◆ **TASK OBJECTIVE**:
Beneath this line is the data. Output exactly the lines from the line with "Pagan Symbols Waterfall" to the line with "96 lbs Cons.", both ends included, and nothing more.

---------- DATA FOR PROCESSING

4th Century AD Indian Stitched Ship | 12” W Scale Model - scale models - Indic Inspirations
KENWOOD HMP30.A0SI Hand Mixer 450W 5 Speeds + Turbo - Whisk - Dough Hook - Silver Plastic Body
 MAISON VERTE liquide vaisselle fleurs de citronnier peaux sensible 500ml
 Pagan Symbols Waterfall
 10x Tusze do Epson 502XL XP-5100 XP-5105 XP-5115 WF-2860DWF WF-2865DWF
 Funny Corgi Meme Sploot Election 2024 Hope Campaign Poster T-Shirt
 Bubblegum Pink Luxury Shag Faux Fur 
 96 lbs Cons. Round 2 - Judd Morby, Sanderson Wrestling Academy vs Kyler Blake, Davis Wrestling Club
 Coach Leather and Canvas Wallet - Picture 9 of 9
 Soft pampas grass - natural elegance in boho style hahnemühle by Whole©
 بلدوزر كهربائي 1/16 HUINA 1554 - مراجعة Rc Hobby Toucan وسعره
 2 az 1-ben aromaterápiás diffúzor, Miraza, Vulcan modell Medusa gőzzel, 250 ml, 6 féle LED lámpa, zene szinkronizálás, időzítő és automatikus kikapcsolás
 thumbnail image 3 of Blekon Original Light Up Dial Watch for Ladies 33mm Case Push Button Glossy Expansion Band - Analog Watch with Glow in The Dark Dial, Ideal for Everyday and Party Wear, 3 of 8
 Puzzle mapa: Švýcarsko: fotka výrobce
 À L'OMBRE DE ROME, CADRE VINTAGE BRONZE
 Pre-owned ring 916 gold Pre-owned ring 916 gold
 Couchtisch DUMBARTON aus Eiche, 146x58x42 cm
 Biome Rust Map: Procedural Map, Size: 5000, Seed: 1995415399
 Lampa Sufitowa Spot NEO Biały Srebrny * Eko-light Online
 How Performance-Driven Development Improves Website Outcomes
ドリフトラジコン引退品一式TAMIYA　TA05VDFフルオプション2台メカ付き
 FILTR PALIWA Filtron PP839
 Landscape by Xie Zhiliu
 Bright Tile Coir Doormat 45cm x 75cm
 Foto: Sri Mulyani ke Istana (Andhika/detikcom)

--------------------

◆ **SOLUTION FOR THIS TASK**:
 Pagan Symbols Waterfall
 10x Tusze do Epson 502XL XP-5100 XP-5105 XP-5115 WF-2860DWF WF-2865DWF
 Funny Corgi Meme Sploot Election 2024 Hope Campaign Poster T-Shirt
 Bubblegum Pink Luxury Shag Faux Fur 
 96 lbs Cons. Round 2 - Judd Morby, Sanderson Wrestling Academy vs Kyler Blake, Davis Wrestling Club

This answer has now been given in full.